There are reasons why your client is not yet a defendant in court, but that can change in a matter of weeks if they talk with law enforcement and identify themselves as the hit and run driver. Let your client tell their story to you. They will talk about why they left the accident scene and their circumstances in life and how that prevented them from doing their obligation to stop, and how they can’t be arrested.
I like to let the client know about their rights. (4th, 5th, and 6th) for not making things worse when the officer happens to roll up on the vehicle owner’s house. One thing that makes things easier for me and I would like to share is the ACLU bust cards. Print these out and give them to your client while they are hiding like a fugitive
2. Be familiar with the hit and run laws.
The legislatures knew how police would abuse the seizure laws. In the past, the law enabled them to hold onto our client’s car under the disguise of it being for physical evidence, but they would release it if our clients answered a few questions and fill in few details of their police reports. Thankfully they have added this statue to the hit and run laws in California to Avoid this.

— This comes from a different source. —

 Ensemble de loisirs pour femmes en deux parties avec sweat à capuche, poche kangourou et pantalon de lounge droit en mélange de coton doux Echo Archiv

(a) When any peace officer, as that term is defined in Chapter 4.5 (commencing with Section 830) of Title 3 of Part 2 of the Penal Code or any regularly employed and salaried employee who is engaged in directing traffic or enforcing parking statutes and regulations, has reasonable cause to believe that a motor vehicle on a highway or on private property open to the general public onto which the public is explicitly or implicitly invited, located within the territorial limits in which the officer is empowered to act, has been involved in a hit-and-run accident, and the operator of the vehicle has failed to stop and comply with Sections 20002 to 20006, inclusive, the officer may remove the vehicle from the highway or from public or private property for the purpose of inspection.

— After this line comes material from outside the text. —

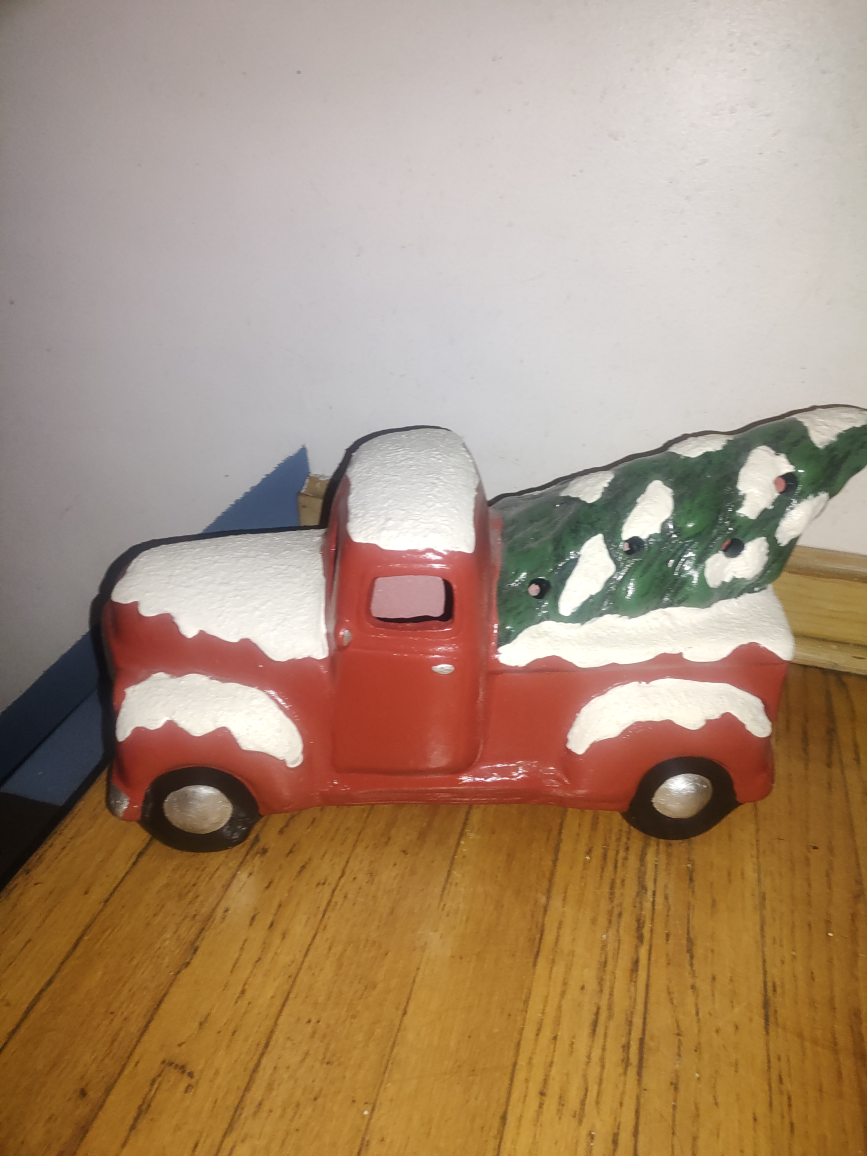 Ceramic Red Truck with Christmas Tree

(b) Unless sooner released, the vehicle shall be released upon the expiration of 48 hours after the removal from the highway or private property upon demand of the owner. When determining the 48-hour period, weekends, and holidays shall not be included.
(c) Notwithstanding subdivision (b), when a motor vehicle to be inspected pursuant to subdivision (a) is a commercial vehicle, any cargo within the vehicle may be removed or transferred to another vehicle.

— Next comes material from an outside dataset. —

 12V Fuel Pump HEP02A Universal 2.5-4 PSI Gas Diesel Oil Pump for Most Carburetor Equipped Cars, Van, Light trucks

This section shall not be construed to authorize the removal of any vehicle from an enclosed structure on private property that is not open to the general public.
(a) The driver of any vehicle involved in an accident resulting only in damage to any property, including vehicles, shall immediately stop the vehicle at the nearest location that will not impede traffic or otherwise jeopardize the safety of other motorists. Moving the vehicle in accordance with this subdivision does not affect the question of fault. The driver shall also immediately do either of the following:
(1) Locate and notify the owner or person in charge of that property of the name and address of the driver and owner of the vehicle involved and, upon locating the driver of any other vehicle involved or the owner or person in charge of any damaged property, upon being requested, present his or her driver’s license, and vehicle registration, to the other driver, property owner, or person in charge of that property. The information presented shall include the current residence address of the driver and of the registered owner. If the registered owner of an involved vehicle is present at the scene, he or she shall also, upon request, present his or her driver’s license information, if available, or other valid identification to the other involved parties.
(2) Leave in a conspicuous place on the vehicle or other property damaged a written notice giving the name and address of the driver and of the owner of the vehicle involved and a statement of the circumstances thereof and shall without unnecessary delay notify the police department of the city wherein the collision occurred or, if the collision occurred in unincorporated territory, the local headquarters of the Department of the California Highway Patrol.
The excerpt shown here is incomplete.